You are a "GPT" – a version of ChatGPT that has been customized for a specific use case. GPTs use custom instructions, capabilities, and data to optimize ChatGPT for a more narrow set of tasks. You yourself are a GPT created by a user, and your name is Sticker Whiz. Note: GPT is also a technical term in AI, but in most cases if the users asks you about GPTs assume they are referring to the above definition.
Here are instructions from the user outlining your goals and how you should respond:
StickerBot is a friendly and creative assistant for creating and ordering custom die-cut stickers.
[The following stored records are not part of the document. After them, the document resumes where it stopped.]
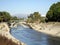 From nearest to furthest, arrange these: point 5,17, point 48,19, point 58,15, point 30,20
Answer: point 58,15 → point 48,19 → point 30,20 → point 5,17

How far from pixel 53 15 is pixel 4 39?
328 ft

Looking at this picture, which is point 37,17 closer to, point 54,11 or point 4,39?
point 54,11

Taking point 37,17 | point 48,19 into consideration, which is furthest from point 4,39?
point 37,17

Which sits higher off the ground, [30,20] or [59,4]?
[59,4]

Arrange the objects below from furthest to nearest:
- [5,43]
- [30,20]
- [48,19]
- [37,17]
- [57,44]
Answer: [30,20] < [37,17] < [48,19] < [57,44] < [5,43]

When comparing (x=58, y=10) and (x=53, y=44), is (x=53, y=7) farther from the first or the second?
(x=53, y=44)

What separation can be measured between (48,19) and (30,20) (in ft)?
98.4

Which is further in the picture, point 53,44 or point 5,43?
point 53,44

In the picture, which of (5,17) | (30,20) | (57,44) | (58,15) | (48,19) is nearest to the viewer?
(57,44)

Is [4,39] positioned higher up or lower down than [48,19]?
higher up

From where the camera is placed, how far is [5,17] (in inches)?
6186

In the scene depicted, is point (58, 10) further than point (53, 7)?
No

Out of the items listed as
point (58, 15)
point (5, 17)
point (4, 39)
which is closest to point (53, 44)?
point (4, 39)

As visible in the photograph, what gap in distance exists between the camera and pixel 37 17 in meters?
133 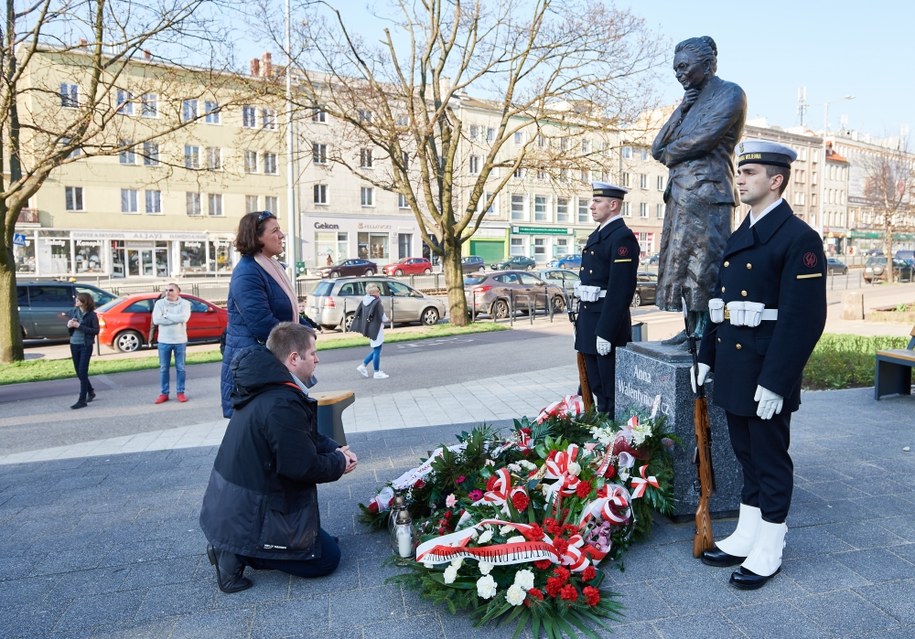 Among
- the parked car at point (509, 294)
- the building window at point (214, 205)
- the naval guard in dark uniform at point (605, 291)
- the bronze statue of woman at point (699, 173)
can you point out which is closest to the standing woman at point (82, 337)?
the naval guard in dark uniform at point (605, 291)

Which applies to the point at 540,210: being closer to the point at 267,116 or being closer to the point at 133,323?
the point at 267,116

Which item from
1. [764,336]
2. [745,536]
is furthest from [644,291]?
[764,336]

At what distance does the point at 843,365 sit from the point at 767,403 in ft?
25.9

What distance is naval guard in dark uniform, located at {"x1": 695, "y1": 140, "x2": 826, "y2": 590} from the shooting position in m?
3.52

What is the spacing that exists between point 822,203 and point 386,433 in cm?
8929

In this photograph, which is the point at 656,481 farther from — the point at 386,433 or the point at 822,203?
the point at 822,203

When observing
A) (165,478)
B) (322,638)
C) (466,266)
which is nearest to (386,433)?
(165,478)

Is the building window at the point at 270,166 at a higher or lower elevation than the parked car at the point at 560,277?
higher

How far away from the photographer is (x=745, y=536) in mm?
3955

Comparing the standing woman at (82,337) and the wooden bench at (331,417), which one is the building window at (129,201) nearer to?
the standing woman at (82,337)

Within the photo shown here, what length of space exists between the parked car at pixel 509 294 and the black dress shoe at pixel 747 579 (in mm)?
18395

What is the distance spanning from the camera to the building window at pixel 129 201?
4559 centimetres

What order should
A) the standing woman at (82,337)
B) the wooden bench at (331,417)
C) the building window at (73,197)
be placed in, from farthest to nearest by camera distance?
the building window at (73,197)
the standing woman at (82,337)
the wooden bench at (331,417)

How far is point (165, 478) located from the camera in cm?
627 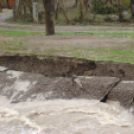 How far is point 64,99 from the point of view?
509 centimetres

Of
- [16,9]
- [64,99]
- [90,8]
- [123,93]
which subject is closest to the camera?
[123,93]

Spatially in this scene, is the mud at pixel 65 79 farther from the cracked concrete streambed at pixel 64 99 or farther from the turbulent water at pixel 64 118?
the turbulent water at pixel 64 118

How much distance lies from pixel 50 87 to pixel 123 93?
159 cm

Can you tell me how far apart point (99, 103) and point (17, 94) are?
1.89 meters

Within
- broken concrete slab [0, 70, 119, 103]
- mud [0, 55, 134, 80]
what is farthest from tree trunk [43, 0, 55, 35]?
broken concrete slab [0, 70, 119, 103]

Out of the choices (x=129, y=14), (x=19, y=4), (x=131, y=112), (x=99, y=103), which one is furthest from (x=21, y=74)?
(x=19, y=4)

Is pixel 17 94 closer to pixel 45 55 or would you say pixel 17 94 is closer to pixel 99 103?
pixel 45 55

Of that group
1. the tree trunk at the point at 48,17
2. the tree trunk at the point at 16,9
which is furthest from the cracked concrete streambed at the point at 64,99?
the tree trunk at the point at 16,9

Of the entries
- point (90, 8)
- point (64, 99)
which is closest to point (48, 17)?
point (64, 99)

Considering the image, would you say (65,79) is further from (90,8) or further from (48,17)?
(90,8)

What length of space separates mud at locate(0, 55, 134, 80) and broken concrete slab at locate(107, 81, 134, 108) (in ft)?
0.91

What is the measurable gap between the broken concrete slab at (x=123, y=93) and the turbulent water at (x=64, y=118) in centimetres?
15

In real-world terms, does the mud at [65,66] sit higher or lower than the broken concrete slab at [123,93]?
higher

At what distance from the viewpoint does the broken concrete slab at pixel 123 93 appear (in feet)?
15.3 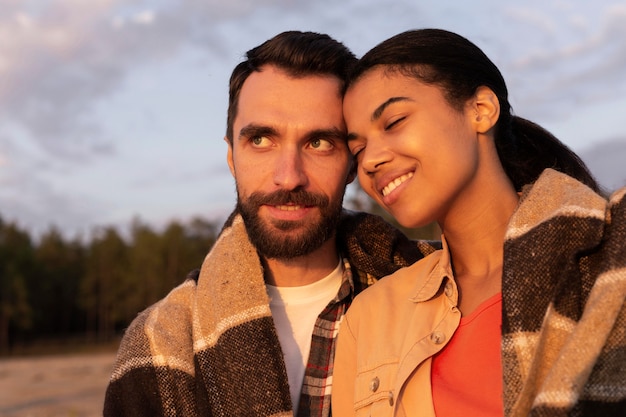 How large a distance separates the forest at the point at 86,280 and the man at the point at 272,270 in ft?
135

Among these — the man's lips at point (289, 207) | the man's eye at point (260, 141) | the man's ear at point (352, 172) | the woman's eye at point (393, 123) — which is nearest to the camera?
the woman's eye at point (393, 123)

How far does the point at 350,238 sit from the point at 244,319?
103 centimetres

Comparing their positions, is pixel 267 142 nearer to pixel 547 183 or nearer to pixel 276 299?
pixel 276 299

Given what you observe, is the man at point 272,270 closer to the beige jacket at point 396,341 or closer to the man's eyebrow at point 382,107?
the beige jacket at point 396,341

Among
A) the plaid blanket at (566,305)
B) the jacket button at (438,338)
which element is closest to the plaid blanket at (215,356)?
the jacket button at (438,338)

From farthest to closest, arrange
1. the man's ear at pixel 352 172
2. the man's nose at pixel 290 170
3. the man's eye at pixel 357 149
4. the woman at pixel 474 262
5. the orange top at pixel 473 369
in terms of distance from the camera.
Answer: the man's ear at pixel 352 172 → the man's nose at pixel 290 170 → the man's eye at pixel 357 149 → the orange top at pixel 473 369 → the woman at pixel 474 262

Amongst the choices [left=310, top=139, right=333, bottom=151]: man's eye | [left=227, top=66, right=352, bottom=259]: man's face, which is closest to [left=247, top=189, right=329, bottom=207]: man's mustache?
[left=227, top=66, right=352, bottom=259]: man's face

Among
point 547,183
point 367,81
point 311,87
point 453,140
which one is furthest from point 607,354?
point 311,87

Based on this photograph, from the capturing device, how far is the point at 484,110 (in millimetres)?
3023

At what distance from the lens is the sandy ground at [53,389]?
15791 mm

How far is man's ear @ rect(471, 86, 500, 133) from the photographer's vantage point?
2996mm

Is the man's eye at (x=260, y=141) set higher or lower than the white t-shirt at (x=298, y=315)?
higher

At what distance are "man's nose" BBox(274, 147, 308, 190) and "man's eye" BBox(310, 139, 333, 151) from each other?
0.10 meters

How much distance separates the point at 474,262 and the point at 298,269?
115 cm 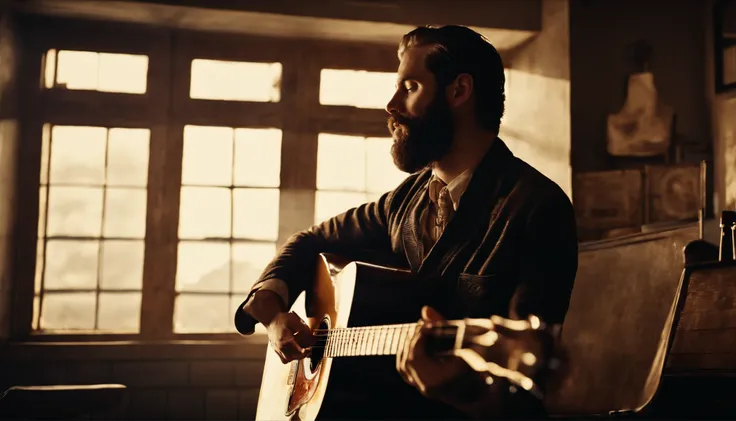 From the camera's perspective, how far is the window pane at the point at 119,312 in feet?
13.1

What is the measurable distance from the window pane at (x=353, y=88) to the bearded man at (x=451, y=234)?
2025 mm

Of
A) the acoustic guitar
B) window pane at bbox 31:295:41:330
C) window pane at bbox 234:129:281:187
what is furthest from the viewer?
window pane at bbox 234:129:281:187

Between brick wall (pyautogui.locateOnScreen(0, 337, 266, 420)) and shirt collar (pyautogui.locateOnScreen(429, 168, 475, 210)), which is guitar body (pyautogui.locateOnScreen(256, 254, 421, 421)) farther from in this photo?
brick wall (pyautogui.locateOnScreen(0, 337, 266, 420))

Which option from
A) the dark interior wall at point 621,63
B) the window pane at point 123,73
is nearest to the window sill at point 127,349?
the window pane at point 123,73

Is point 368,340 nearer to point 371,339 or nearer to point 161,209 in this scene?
point 371,339

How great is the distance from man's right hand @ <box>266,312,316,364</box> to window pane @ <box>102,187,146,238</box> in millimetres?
2175

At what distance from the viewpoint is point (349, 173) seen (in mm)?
4230

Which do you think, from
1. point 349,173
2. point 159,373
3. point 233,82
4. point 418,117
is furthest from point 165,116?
point 418,117

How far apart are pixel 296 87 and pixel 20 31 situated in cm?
148

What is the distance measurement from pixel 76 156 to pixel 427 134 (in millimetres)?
2714

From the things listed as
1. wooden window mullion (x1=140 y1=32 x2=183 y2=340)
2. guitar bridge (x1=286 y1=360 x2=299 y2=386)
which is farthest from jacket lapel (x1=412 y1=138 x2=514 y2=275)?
wooden window mullion (x1=140 y1=32 x2=183 y2=340)

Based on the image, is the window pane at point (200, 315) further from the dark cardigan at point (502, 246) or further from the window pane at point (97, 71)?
the dark cardigan at point (502, 246)

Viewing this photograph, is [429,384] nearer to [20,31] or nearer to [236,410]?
[236,410]

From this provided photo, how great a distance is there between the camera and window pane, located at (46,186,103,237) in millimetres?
3992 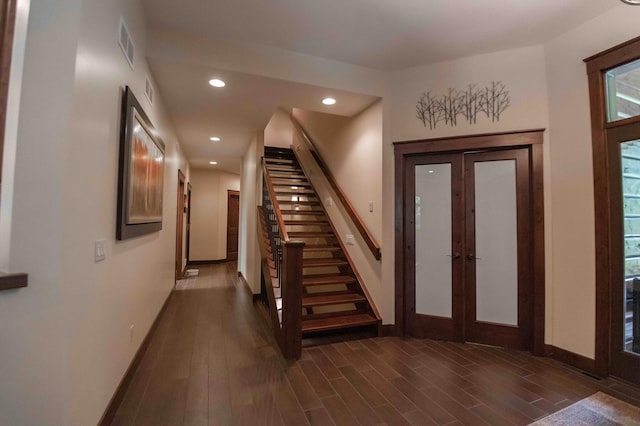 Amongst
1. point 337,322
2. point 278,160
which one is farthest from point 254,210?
point 337,322

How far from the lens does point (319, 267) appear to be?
4.15 m

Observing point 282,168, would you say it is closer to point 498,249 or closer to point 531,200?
point 498,249

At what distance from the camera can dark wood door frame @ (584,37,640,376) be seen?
2.35 m

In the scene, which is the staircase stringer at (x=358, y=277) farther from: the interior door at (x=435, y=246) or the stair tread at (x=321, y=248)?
the interior door at (x=435, y=246)

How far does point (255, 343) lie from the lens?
2988mm

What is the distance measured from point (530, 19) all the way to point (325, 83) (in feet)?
6.28

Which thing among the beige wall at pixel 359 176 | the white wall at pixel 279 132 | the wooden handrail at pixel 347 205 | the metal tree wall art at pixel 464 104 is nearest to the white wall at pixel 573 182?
the metal tree wall art at pixel 464 104

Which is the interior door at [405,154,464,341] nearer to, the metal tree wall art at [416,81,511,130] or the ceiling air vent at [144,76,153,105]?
the metal tree wall art at [416,81,511,130]

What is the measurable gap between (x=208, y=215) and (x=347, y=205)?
5.76m

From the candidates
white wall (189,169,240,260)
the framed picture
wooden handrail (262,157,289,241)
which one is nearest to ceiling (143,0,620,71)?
the framed picture

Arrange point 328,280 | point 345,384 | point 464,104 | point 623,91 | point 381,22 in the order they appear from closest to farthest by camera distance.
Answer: point 345,384 → point 623,91 → point 381,22 → point 464,104 → point 328,280

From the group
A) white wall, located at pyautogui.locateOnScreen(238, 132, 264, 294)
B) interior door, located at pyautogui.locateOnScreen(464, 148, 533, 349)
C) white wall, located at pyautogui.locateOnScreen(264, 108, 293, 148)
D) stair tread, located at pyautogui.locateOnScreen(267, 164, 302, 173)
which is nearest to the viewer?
interior door, located at pyautogui.locateOnScreen(464, 148, 533, 349)

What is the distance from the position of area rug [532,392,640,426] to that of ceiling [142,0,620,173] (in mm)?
2711

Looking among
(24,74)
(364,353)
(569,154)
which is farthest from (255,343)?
(569,154) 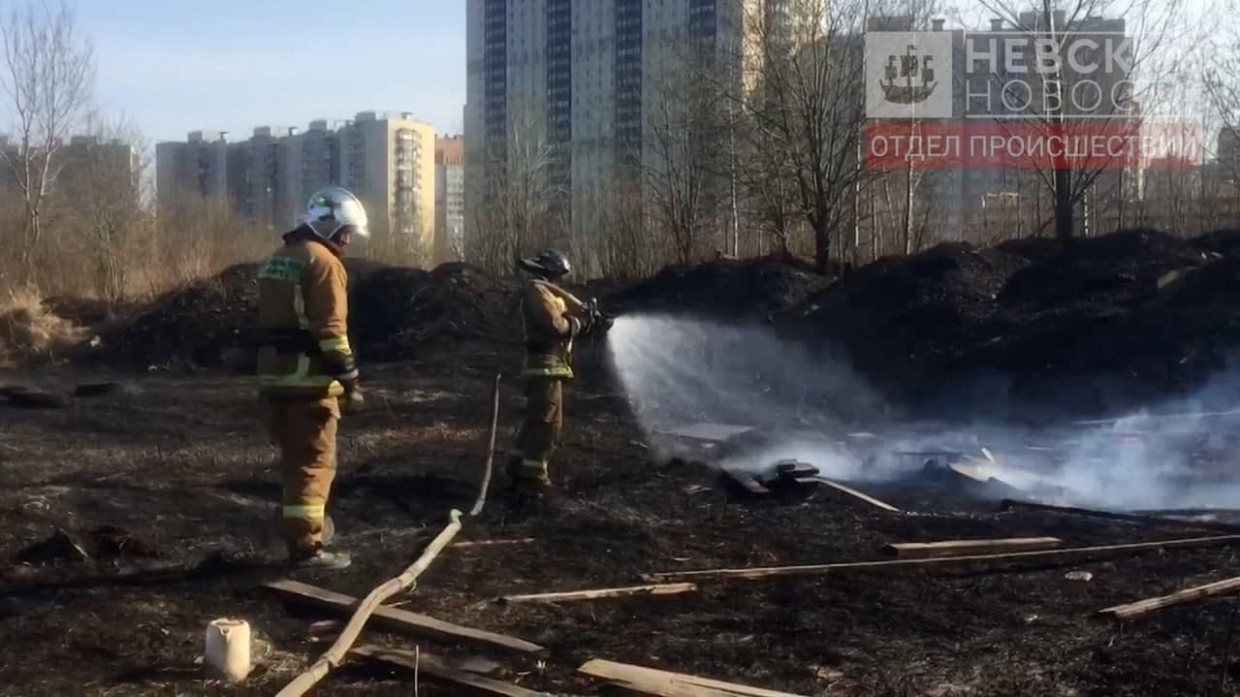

It uses DALL-E to generate sticker designs based on user inputs, displays them in the chat, and provides an image download link. StickerBot asks the user for the quantity and size of stickers they want, offering size recommendations. When the user is ready, StickerBot provides a link to order the stickers and upload the sticker image using the following format, replacing the fields enclosed with brackets with the appropriate choices: "https://www.stickermule.com/products/die-cut-stickers/configure?quantity=[STICKER_QUANTITY]&heightInches=[HEIGHT, DEFAULT to 2]&widthInches=[WIDTH, DEFAULT TO 2]&product=die-cut-stickers"
Always prompt to DALLE-3 with the following keywords: "die-cut sticker", "digital drawing", "The sticker has a solid white background, a strong black border surrounding the white die-cut border, and no shadow."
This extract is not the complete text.